**Stored items:**
╔══
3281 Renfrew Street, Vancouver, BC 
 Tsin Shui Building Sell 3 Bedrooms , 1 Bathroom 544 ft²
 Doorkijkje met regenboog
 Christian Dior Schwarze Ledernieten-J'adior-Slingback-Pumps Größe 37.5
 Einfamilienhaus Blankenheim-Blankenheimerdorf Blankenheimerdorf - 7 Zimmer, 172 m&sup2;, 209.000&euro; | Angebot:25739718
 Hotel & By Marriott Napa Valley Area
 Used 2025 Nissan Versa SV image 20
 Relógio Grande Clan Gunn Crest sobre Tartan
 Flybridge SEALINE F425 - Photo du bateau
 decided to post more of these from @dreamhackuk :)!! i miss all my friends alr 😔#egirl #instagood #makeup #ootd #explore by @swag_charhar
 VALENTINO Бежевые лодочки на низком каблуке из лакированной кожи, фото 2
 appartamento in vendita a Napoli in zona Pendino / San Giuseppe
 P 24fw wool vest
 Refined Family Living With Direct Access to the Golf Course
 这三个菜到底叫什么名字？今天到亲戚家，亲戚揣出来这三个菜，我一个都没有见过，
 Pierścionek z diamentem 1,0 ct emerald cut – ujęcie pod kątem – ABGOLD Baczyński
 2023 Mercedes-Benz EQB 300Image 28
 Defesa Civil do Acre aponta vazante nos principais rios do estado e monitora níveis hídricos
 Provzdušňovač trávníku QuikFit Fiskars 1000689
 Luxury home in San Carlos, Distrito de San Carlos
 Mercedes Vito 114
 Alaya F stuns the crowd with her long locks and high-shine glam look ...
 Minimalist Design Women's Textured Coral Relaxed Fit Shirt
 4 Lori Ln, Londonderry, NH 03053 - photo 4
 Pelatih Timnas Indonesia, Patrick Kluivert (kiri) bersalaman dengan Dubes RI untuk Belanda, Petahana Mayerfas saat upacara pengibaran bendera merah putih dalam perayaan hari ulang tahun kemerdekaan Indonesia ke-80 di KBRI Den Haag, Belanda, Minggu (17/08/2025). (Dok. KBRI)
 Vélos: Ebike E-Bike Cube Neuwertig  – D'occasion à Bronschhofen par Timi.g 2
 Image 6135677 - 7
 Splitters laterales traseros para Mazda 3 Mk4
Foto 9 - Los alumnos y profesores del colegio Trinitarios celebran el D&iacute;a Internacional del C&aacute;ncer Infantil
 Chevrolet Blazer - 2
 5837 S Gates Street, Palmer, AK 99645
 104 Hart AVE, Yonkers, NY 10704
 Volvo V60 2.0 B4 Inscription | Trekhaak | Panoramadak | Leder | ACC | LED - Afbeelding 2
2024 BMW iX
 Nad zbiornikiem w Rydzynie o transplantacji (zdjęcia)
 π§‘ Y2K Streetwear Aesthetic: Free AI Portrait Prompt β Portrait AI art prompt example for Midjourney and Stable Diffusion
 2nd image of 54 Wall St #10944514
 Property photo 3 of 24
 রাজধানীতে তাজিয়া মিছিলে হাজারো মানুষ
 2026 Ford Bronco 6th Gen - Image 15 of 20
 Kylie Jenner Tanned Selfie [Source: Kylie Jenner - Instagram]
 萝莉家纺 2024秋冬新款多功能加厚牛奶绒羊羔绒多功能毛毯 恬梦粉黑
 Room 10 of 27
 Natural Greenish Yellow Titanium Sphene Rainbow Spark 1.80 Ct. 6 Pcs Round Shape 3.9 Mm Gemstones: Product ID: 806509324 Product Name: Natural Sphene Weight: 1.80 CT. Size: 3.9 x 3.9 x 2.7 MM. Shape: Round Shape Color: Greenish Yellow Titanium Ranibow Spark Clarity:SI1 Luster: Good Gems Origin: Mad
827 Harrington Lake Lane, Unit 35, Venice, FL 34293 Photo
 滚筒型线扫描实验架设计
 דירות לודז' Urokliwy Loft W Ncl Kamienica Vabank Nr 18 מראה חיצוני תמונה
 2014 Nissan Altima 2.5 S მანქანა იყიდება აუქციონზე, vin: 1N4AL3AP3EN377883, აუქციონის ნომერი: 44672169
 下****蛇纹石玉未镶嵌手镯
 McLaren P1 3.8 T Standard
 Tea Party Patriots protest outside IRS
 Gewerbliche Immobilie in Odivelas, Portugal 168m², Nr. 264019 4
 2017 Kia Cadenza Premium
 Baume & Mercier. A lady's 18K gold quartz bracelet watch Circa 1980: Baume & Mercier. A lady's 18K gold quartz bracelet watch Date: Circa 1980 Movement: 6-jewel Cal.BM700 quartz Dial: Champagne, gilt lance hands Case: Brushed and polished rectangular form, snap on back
╚══
When you reply, retype each line exactly as it appears above.

**Finished exercise:**
3281 Renfrew Street, Vancouver, BC 
 Tsin Shui Building Sell 3 Bedrooms , 1 Bathroom 544 ft²
 Doorkijkje met regenboog
 Christian Dior Schwarze Ledernieten-J'adior-Slingback-Pumps Größe 37.5
 Einfamilienhaus Blankenheim-Blankenheimerdorf Blankenheimerdorf - 7 Zimmer, 172 m&sup2;, 209.000&euro; | Angebot:25739718
 Hotel & By Marriott Napa Valley Area
 Used 2025 Nissan Versa SV image 20
 Relógio Grande Clan Gunn Crest sobre Tartan
 Flybridge SEALINE F425 - Photo du bateau
 decided to post more of these from @dreamhackuk :)!! i miss all my friends alr 😔#egirl #instagood #makeup #ootd #explore by @swag_charhar
 VALENTINO Бежевые лодочки на низком каблуке из лакированной кожи, фото 2
 appartamento in vendita a Napoli in zona Pendino / San Giuseppe
 P 24fw wool vest
 Refined Family Living With Direct Access to the Golf Course
 这三个菜到底叫什么名字？今天到亲戚家，亲戚揣出来这三个菜，我一个都没有见过，
 Pierścionek z diamentem 1,0 ct emerald cut – ujęcie pod kątem – ABGOLD Baczyński
 2023 Mercedes-Benz EQB 300Image 28
 Defesa Civil do Acre aponta vazante nos principais rios do estado e monitora níveis hídricos
 Provzdušňovač trávníku QuikFit Fiskars 1000689
 Luxury home in San Carlos, Distrito de San Carlos
 Mercedes Vito 114
 Alaya F stuns the crowd with her long locks and high-shine glam look ...
 Minimalist Design Women's Textured Coral Relaxed Fit Shirt
 4 Lori Ln, Londonderry, NH 03053 - photo 4
 Pelatih Timnas Indonesia, Patrick Kluivert (kiri) bersalaman dengan Dubes RI untuk Belanda, Petahana Mayerfas saat upacara pengibaran bendera merah putih dalam perayaan hari ulang tahun kemerdekaan Indonesia ke-80 di KBRI Den Haag, Belanda, Minggu (17/08/2025). (Dok. KBRI)
 Vélos: Ebike E-Bike Cube Neuwertig  – D'occasion à Bronschhofen par Timi.g 2
 Image 6135677 - 7
 Splitters laterales traseros para Mazda 3 Mk4
Foto 9 - Los alumnos y profesores del colegio Trinitarios celebran el D&iacute;a Internacional del C&aacute;ncer Infantil
 Chevrolet Blazer - 2
 5837 S Gates Street, Palmer, AK 99645
 104 Hart AVE, Yonkers, NY 10704
 Volvo V60 2.0 B4 Inscription | Trekhaak | Panoramadak | Leder | ACC | LED - Afbeelding 2
2024 BMW iX
 Nad zbiornikiem w Rydzynie o transplantacji (zdjęcia)
 π§‘ Y2K Streetwear Aesthetic: Free AI Portrait Prompt β Portrait AI art prompt example for Midjourney and Stable Diffusion
 2nd image of 54 Wall St #10944514
 Property photo 3 of 24
 রাজধানীতে তাজিয়া মিছিলে হাজারো মানুষ
 2026 Ford Bronco 6th Gen - Image 15 of 20
 Kylie Jenner Tanned Selfie [Source: Kylie Jenner - Instagram]
 萝莉家纺 2024秋冬新款多功能加厚牛奶绒羊羔绒多功能毛毯 恬梦粉黑
 Room 10 of 27
 Natural Greenish Yellow Titanium Sphene Rainbow Spark 1.80 Ct. 6 Pcs Round Shape 3.9 Mm Gemstones: Product ID: 806509324 Product Name: Natural Sphene Weight: 1.80 CT. Size: 3.9 x 3.9 x 2.7 MM. Shape: Round Shape Color: Greenish Yellow Titanium Ranibow Spark Clarity:SI1 Luster: Good Gems Origin: Mad
827 Harrington Lake Lane, Unit 35, Venice, FL 34293 Photo
 滚筒型线扫描实验架设计
 דירות לודז' Urokliwy Loft W Ncl Kamienica Vabank Nr 18 מראה חיצוני תמונה
 2014 Nissan Altima 2.5 S მანქანა იყიდება აუქციონზე, vin: 1N4AL3AP3EN377883, აუქციონის ნომერი: 44672169
 下****蛇纹石玉未镶嵌手镯
 McLaren P1 3.8 T Standard
 Tea Party Patriots protest outside IRS
 Gewerbliche Immobilie in Odivelas, Portugal 168m², Nr. 264019 4
 2017 Kia Cadenza Premium
 Baume & Mercier. A lady's 18K gold quartz bracelet watch Circa 1980: Baume & Mercier. A lady's 18K gold quartz bracelet watch Date: Circa 1980 Movement: 6-jewel Cal.BM700 quartz Dial: Champagne, gilt lance hands Case: Brushed and polished rectangular form, snap on back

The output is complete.